Of all her achievements, it’s her role as CEO of the Society for Cardiovascular Magnetic Resonance (SCMR) that Chiara’s most proud of. “It’s the one that’s the most out of place for me. I don't know any other cardiologist that’s in a CEO position, doing two jobs. It’s a completely different beast in this role and I’m setting different standards for the CEO position. Usually, you’d have an MBA for this role, and I’m showing you don’t necessarily need to have that.”

"In my two years in this post, I have taken unconventional and counter-intuitive decisions that have paid positive dividends in the Society, which has historically been quite conservative in their decision making. I was very pleased when my President thanked me for my work in front of all our membership saying 'SCMR is proud to have a fearless CEO.'"

"Indeed, finding myself as a UK-based CEO of a US-based association a few months before the outbreak of the COVID-19 pandemic meant I had to reinvent a new way of working and a new way to run the Society and the business of professional associations. I have done this using intuition and common sense, and I am proud to have successfully sailed the ship during these stormy two years. SCMR is more successful than it has ever been, including financially."

But Chiara is proud of each and every accolade she has received over the years. “There’s a story behind each of them. They're in different domains, some are teaching, some are professional, some are about women in medicine, but they all have a lot in common. It’s a multifaceted set of awards, telling the story that I’m also multifaceted. It is all about trying to do and achieve things that were never done before."

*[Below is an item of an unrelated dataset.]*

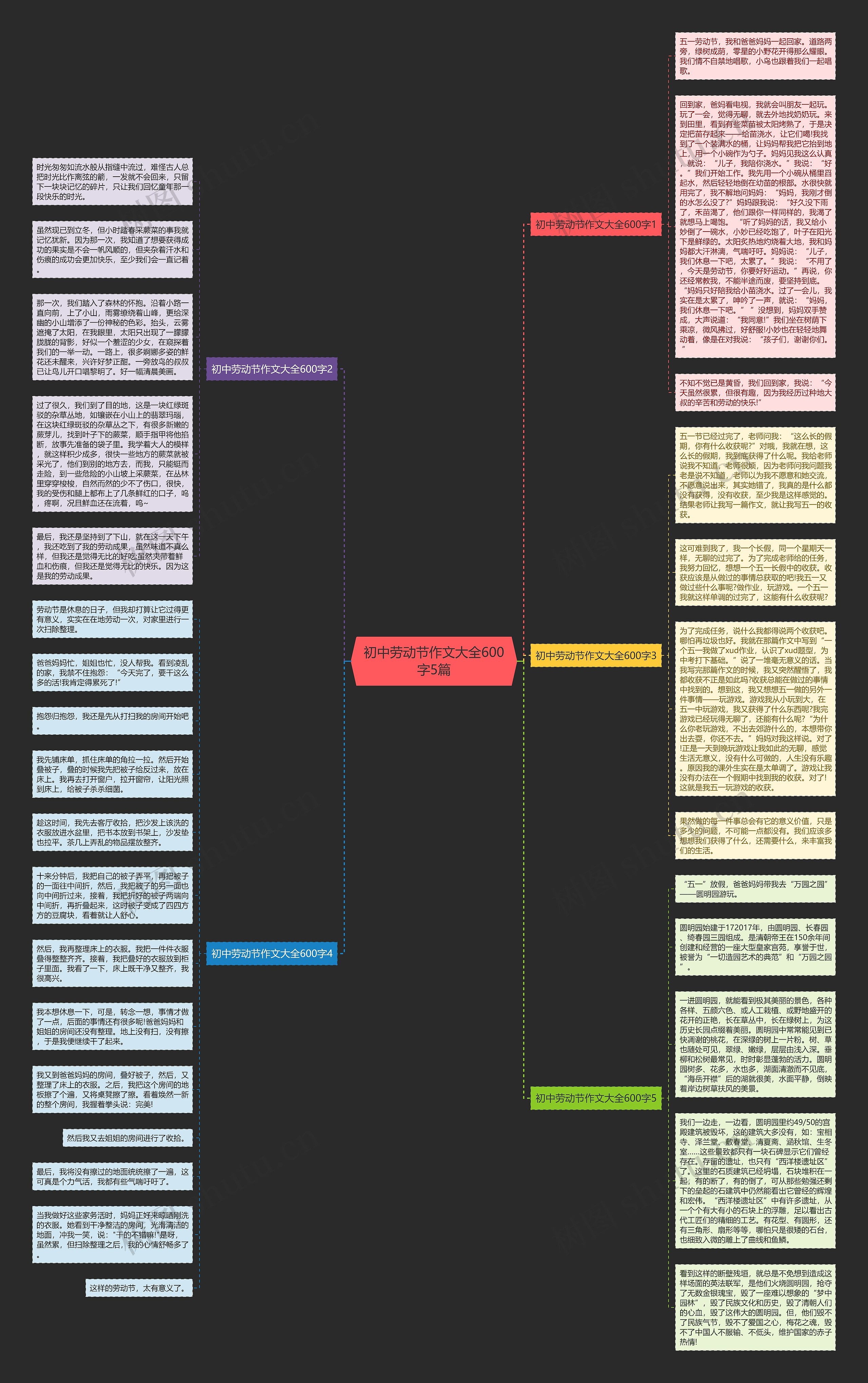 初中劳动节作文大全600字5篇思维导图
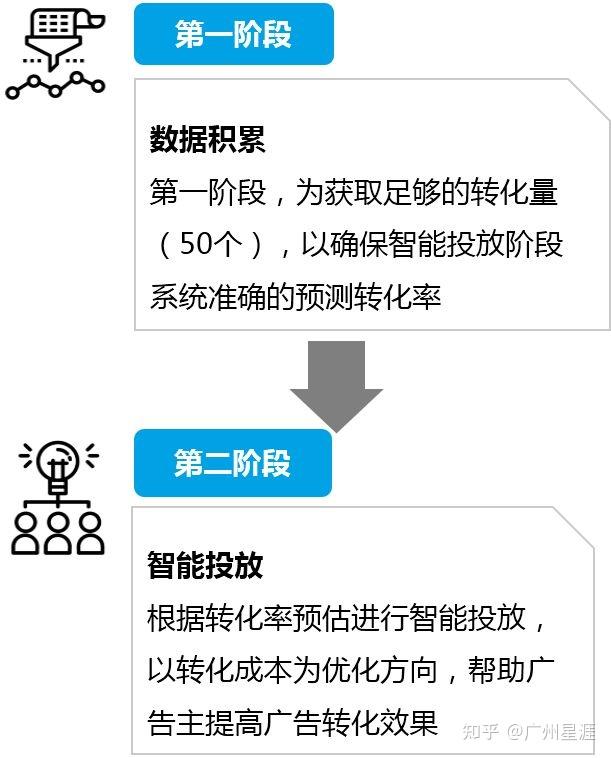 oCPC和oCPM的本质区别是什么？ - Code2020 - 博客园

"It always seems impossible until it's done" is one of Chiara's favourite mottos, borrowed from Nelson Mandela. In 2013 and 2015, while she was in Bristol, her cardiac MRI Unit was the runner-up and highly commended for the local NHS Recognising Success Awards in Research and Education and in Best Service Improvement. She reflects that "Sometimes it is just about being the right person in the right place at the right time."

The NHS recognising I do good clinical work meant a lot to me. The teaching award with the students enriches me, as does the mentorship and all the other professional recognitions. It’s all part of me. 
Chiara receiving an award

An entrepreneurial spirit

After accomplishing so much, Chiara’s considering entrepreneurial activities. “That could be in digital health or digital cardiology, I still have to find my niche. I'm looking at the challenges facing the NHS and challenges post-COVID-19 pandemic. Every challenge presents an opportunity, so I am trying to scope my next venture.”

She also sees herself having a more global influence. “I’ve had some impact in Europe and in the US cardiology/imaging fields, but hopefully I can go even further to help and contribute to making the world a more positive place.”

Vote Chiara?

Ten years from now, we may see Chiara’s name on ballot papers. “I'm giving politics serious thought. Whether I will achieve that, I don't know. But politics needs people who want to drive agendas, who are competent, honest and have the courage to be disruptive in a positive way. And I’ve certainly been quite positively disruptive throughout my career.”

I've been rethinking how to do things, and that's been a winner for me. I often didn't go with the flow; I often made unconventional decisions and I was never afraid to go in a different direction than most people would have taken. I've achieved more as a result. It's that disruption and the confidence in my abilities that energises me. My grandpa was a prominent politician in Italy, so I may have the genes!